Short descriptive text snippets

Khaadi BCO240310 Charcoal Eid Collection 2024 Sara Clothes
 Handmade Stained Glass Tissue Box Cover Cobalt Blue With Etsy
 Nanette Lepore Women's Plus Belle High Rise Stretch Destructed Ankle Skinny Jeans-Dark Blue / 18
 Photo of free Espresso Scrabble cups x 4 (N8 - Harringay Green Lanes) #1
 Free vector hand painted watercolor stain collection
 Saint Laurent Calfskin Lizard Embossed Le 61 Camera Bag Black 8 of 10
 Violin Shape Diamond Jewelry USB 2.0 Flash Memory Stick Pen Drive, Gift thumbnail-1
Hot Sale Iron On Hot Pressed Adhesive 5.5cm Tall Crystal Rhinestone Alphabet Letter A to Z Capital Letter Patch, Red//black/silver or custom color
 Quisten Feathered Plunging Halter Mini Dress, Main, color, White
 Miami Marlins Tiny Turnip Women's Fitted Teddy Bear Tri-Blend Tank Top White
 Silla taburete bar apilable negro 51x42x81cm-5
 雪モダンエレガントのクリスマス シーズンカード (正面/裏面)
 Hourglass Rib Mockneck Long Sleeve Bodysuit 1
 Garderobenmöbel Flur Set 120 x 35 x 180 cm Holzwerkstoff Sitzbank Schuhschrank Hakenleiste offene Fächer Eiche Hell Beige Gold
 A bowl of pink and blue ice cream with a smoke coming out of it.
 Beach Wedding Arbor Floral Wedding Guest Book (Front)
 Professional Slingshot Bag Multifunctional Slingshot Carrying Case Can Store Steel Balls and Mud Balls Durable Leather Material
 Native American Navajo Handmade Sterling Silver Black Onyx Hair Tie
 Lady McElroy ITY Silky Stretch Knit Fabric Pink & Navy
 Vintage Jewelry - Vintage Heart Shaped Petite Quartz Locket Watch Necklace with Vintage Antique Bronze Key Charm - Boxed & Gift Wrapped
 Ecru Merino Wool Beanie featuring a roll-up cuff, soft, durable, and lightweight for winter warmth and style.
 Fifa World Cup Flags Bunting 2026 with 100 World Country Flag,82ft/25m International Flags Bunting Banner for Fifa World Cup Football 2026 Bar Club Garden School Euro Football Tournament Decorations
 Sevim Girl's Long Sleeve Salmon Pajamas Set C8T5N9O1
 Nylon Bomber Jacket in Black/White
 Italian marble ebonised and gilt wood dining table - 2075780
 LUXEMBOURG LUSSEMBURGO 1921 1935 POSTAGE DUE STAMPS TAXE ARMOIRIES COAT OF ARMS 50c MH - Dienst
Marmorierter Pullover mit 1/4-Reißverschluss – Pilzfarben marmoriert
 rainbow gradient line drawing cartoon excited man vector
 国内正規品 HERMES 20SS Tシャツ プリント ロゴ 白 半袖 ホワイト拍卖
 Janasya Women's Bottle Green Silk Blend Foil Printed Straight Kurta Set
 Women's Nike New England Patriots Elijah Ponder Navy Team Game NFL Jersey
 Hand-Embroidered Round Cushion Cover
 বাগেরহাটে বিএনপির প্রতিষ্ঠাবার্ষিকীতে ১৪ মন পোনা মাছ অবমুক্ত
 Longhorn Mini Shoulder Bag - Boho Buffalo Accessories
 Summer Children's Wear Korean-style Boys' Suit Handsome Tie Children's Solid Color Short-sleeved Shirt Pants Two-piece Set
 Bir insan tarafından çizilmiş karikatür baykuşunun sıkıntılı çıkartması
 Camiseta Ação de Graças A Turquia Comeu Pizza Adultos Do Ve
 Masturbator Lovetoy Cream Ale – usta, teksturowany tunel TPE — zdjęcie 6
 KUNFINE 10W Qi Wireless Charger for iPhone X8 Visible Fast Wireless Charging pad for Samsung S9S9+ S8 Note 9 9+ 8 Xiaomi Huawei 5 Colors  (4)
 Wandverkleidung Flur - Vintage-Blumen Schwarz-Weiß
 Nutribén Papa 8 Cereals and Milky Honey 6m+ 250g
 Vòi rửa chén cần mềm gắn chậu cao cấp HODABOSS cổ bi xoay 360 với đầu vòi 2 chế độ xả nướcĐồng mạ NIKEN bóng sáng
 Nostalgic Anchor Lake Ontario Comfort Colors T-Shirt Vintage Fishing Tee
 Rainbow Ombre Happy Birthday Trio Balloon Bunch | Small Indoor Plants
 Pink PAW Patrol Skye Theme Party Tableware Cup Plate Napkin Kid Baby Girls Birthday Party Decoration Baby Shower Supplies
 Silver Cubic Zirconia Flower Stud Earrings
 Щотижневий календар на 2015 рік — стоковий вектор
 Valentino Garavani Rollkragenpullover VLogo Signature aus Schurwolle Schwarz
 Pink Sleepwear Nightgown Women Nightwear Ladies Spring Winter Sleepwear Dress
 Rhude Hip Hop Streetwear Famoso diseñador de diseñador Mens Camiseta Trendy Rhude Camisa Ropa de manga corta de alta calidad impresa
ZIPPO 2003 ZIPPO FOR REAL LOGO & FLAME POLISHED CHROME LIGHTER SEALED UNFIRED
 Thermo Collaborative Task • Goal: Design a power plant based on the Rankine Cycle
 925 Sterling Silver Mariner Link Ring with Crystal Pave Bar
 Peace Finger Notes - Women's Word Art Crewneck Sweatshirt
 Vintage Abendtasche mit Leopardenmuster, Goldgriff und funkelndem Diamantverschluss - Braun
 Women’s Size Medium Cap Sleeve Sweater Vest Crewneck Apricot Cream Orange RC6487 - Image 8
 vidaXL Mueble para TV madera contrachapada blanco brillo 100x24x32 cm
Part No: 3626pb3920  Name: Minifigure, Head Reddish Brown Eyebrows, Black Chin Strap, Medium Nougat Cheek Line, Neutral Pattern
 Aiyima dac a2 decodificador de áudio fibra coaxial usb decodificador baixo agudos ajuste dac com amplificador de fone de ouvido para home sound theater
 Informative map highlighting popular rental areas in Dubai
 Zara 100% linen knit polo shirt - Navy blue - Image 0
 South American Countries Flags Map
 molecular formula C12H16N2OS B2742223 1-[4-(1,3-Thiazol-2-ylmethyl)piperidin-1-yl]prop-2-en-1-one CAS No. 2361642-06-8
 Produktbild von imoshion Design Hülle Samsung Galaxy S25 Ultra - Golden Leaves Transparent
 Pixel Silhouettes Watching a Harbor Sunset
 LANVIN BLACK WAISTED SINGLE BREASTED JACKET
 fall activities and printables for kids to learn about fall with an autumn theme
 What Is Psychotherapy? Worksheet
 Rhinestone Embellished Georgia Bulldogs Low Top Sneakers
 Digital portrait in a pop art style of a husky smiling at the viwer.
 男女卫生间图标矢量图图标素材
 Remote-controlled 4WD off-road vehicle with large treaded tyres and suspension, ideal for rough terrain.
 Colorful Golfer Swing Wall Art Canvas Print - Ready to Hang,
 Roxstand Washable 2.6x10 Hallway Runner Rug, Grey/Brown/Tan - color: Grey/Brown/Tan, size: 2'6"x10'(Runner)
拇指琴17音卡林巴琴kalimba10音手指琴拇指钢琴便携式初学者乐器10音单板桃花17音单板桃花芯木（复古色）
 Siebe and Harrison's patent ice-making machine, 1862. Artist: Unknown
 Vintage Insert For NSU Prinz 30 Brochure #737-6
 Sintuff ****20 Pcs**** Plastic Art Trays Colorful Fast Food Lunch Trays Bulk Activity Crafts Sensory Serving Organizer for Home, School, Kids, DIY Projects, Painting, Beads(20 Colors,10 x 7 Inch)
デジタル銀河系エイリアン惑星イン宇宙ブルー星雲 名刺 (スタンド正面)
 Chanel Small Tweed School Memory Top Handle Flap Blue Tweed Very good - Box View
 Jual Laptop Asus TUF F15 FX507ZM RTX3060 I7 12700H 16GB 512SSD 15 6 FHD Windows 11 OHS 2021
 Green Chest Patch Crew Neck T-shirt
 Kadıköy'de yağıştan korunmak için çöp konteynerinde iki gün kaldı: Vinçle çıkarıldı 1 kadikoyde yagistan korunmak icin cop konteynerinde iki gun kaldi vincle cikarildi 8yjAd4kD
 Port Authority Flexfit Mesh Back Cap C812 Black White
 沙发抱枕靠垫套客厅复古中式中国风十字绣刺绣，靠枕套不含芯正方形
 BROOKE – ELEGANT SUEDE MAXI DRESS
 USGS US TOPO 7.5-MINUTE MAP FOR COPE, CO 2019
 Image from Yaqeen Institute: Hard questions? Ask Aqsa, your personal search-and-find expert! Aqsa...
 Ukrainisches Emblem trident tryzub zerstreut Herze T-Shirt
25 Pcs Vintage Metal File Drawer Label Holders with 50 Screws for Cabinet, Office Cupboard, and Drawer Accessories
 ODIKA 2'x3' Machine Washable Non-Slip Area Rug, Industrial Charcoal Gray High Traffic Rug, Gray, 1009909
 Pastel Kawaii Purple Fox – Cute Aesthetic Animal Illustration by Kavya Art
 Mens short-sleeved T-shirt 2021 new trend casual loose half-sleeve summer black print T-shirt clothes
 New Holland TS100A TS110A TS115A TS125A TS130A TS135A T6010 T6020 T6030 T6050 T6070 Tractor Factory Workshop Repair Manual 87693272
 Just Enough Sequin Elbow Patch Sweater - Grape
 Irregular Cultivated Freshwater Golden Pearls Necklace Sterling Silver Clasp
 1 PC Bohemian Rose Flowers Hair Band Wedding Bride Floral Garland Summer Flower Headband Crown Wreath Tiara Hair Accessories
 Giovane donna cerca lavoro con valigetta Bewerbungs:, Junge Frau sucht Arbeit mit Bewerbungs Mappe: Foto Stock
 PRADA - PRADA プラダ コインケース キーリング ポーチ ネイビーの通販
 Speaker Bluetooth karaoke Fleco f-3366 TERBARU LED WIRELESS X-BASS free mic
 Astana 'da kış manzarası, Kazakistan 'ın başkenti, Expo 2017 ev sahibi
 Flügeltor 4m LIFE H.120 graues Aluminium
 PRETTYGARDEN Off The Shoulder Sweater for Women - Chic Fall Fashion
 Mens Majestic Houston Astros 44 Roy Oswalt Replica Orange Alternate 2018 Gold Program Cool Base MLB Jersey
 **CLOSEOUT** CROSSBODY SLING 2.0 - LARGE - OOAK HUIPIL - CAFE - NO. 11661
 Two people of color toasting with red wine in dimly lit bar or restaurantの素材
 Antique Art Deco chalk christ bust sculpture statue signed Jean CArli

### Your assignment
What is needed is every line from the start of the entries through the line containing "Free vector hand", returned word for word and nothing else.

### Response to the exercise
Khaadi BCO240310 Charcoal Eid Collection 2024 Sara Clothes
 Handmade Stained Glass Tissue Box Cover Cobalt Blue With Etsy
 Nanette Lepore Women's Plus Belle High Rise Stretch Destructed Ankle Skinny Jeans-Dark Blue / 18
 Photo of free Espresso Scrabble cups x 4 (N8 - Harringay Green Lanes) #1
 Free vector hand painted watercolor stain collection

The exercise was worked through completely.